But nothing could induce him to face the Parliament which was
about to meet. A litter was sent down to him from London, but to
no purpose. He set out, but declared that he found it impossible
to proceed, and took refuge again in his lonely mansion among the
hills.739

While these things were passing, the members of both Houses were
from every part of the kingdom going up to Westminster. To the
opening of the session, not only England, but all Europe, looked
forward with intense anxiety. Public credit had been deeply
injured by the failure of the Land Bank. The restoration of the
currency was not yet half accomplished. The scarcity of money was
still distressing.
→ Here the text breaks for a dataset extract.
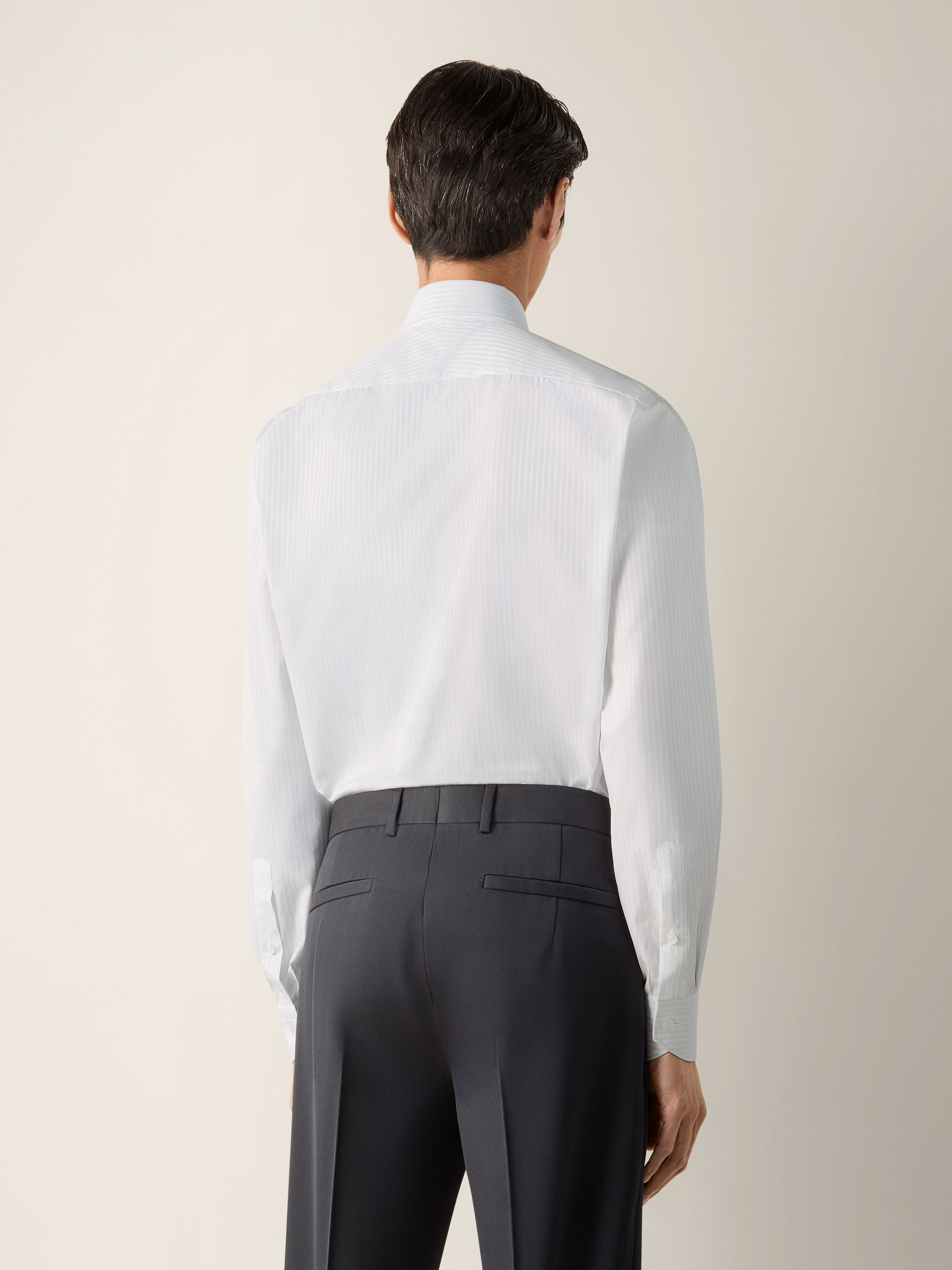 White and Light Blue Structured Striped Cotton Shirt Product detail photo #3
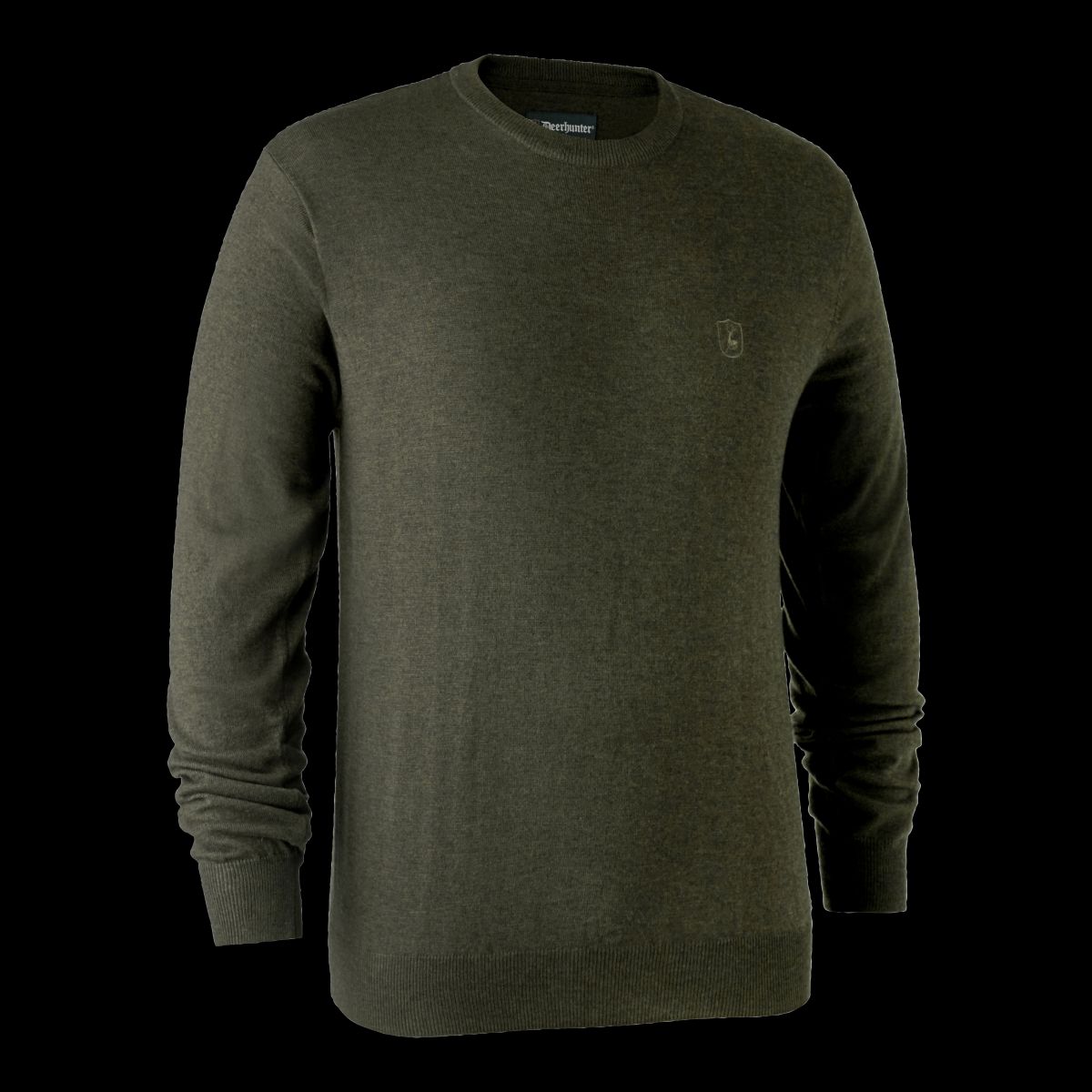 Deerhunter Kingston Strik med rund hals Green Melange 2XL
Much of the milled silver was buried in
private repositories as fast as it came forth from the Mint.
Those politicians who were bent on raising the denomination of
the coin had found too ready audience from a population suffering
under severe pressure; and, at one time, the general voice of the
nation had seemed to be on their side.740 Of course every person
who thought it likely that the standard would be lowered, hoarded
as much money as he could hoard; and thus the cry for little
shillings aggravated the pressure from which it had sprung.741
Both the allies and the enemies of England imagined that her
resources were spent, that her spirit was broken, that the
Commons, so often querulous and parsimonious even in tranquil and
prosperous times, would now positively refuse to bear any
additional burden, and would, with an importunity not to be
withstood, insist on having peace at any price.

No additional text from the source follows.